Data excerpts
╭──
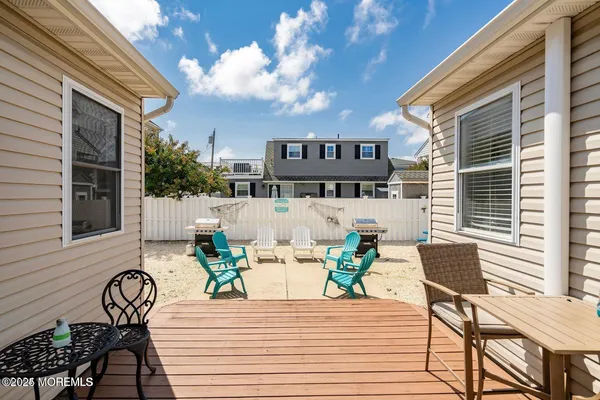 a view of a dinning tables and chairs in patio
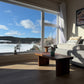 Garage Mills walnut live edge coffee table in a bright lake-view customer living room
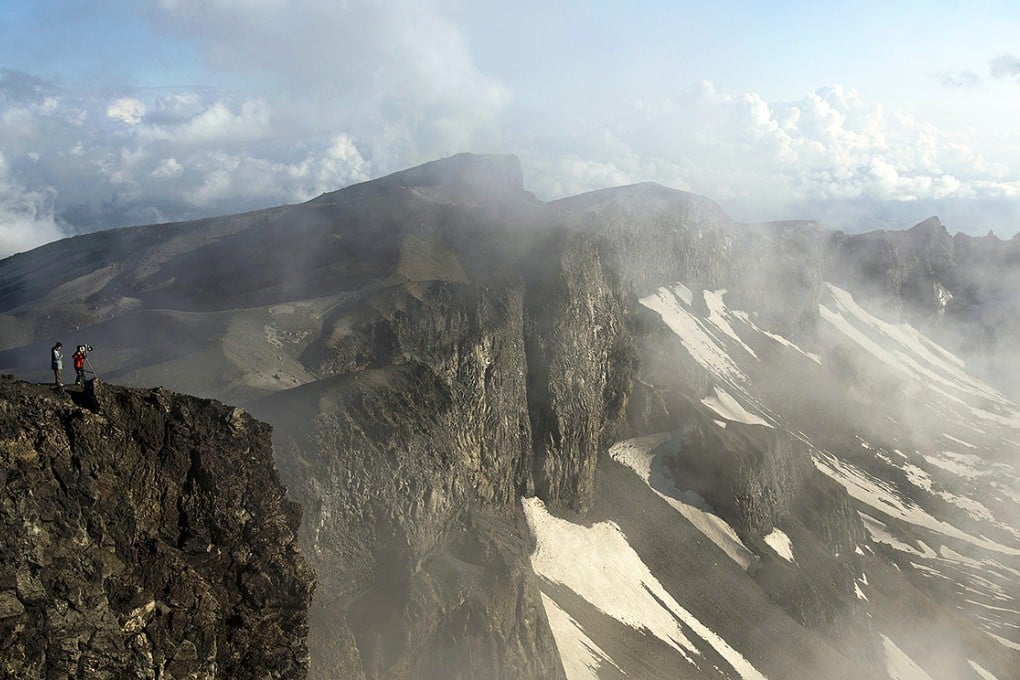 A North Korean television crew films Mount Paektu. Two British scientists are shedding light on the volcano's history and possible future thanks to an unprecedented joint project with Pyongyang. Photo: AP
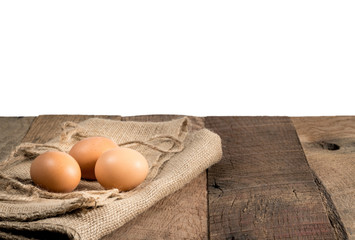 Freshly laid organic eggs on wooden bench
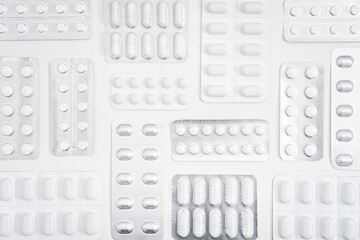 White pills and capsule, medicine tablet in foil blister pack with on white background....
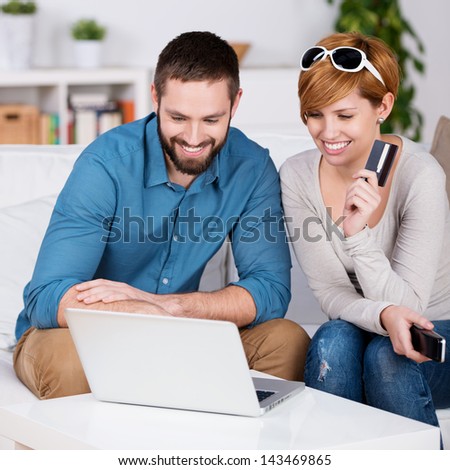 Portrait Of Happy Couple Shopping Online With Credit Card In House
╰──
__Task__:
Quote, without alteration, the lines running from the line containing "Freshly laid organic eggs on wooden bench" to the last line of the entries, and include no pictures.

__Output for this task__:
 Freshly laid organic eggs on wooden bench
 White pills and capsule, medicine tablet in foil blister pack with on white background....
 Portrait Of Happy Couple Shopping Online With Credit Card In House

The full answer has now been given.